What was I thinking agreeing to this ?
It's school Easter holiday, as a relative novice skier, I have been on the grand total of 0 ski tours but I am keen to try..
Ski touring is an activity where skiers travel away from the pistes and walk up on skis into the mountains. This affords the skier more isolation and stunning scenery, often you can be the first to ski down a slope, it's beautiful, exciting, physically challenging and for me terrifying. A group of friends invite me to join them on a tour called Le Col De Beugent in the Aiguilles Rouges. I feel apprehensive, the guide book description I have found doesn't inspire confidence. The tour has some more advanced features and I have to question the sanity of the suggestion that my participation would be "no problem, a walk in the park" I am not sure what parks John was referring to, coming from London in my experience parks are peaceful green places with pretty gardens, children playing, maybe little cafe to get a nice cup of tea that sort of thing. Occasionally you come across an aggressive wild creature, I once encountered a swan named Hannibal who had a reputation for violence, but there isn't much else about park walking that resembles the dangerous environment a ski tour takes you too. I find myself, not for the first time, in a state of indecision. On the one hand I would hate to miss an opportunity to try another tour, on the other hand I know I am going to be a complete liability to my friends. Suppose we all have to turn back because of me. I would be black listed for life!

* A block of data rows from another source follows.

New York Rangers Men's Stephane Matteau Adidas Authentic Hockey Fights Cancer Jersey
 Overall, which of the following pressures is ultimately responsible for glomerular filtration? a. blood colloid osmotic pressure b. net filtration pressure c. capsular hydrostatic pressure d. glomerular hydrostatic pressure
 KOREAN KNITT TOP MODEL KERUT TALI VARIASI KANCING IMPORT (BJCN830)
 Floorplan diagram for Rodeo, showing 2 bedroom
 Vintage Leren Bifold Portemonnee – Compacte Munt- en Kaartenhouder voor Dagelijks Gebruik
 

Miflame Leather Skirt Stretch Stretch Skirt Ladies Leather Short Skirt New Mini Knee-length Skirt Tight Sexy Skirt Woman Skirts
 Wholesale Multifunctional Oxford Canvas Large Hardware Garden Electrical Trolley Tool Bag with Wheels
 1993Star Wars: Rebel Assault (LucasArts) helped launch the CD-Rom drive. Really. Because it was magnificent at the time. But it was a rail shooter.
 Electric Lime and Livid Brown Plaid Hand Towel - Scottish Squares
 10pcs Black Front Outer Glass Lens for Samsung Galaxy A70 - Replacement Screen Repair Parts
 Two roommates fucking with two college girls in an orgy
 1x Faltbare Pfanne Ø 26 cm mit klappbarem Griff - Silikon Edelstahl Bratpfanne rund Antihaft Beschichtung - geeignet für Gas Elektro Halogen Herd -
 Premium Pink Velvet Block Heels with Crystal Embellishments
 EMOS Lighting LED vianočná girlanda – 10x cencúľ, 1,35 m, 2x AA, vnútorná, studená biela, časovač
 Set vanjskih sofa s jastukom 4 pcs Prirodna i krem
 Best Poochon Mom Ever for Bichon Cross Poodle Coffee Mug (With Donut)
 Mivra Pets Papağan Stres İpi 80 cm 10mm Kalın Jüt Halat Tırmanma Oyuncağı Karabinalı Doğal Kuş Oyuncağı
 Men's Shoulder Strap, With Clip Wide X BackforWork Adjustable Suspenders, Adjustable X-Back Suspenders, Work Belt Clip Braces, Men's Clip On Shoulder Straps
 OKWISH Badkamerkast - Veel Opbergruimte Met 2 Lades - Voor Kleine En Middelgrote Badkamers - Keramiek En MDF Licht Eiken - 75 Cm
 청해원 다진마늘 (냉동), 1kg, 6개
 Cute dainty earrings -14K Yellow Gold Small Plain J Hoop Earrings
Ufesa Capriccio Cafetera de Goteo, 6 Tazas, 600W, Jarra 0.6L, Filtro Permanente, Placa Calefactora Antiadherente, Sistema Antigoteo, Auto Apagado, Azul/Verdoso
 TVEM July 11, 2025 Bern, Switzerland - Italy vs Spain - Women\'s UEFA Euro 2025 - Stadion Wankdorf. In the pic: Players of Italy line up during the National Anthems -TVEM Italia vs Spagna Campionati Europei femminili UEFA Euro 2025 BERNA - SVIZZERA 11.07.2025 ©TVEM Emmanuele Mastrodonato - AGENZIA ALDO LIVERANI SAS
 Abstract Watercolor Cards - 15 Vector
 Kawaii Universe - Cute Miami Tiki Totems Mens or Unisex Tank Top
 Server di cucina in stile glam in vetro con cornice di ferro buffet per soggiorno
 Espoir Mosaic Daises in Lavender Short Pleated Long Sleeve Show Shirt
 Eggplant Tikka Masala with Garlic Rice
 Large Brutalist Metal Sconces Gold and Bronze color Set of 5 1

I discussed the tour with Roeland, my dear friend who is a mountain guide. His comments were "that's a very interesting tour for you", translated, "it's going to be really hard, really scary and your skills fall far short of what will be required". "Why don't I come along with you? " Roeland suggests, well that clinches it, I am going, I had better run out and hire touring kit!!
It's the morning of the tour and I am up early as we want to take the first lift, it's going to be a long day. I didn't sleep much, nervous about what will be required of me.
In the lift queue we see other friends out for the day, everyone seems excited but relaxed and happy. I am neither. I am in fact petrified and unusually quiet which gives me away, my friends chivvy me along “its going to be great today, you will love it, its an amazing route”. I distract myself by having a kit explosion in the queue(re packing my bag for the third time), shuffling myself and all my bits forward every few moments. Roeland says “ Anytime you are unhappy let me know, we can always turn back together and have a nice ski down to the piste and the others can go on” I like it, an option of dignified retreat. I feel a little better and concentrate on putting everything back in a sensible order suncream and peanut butter sandwiches at the top etc....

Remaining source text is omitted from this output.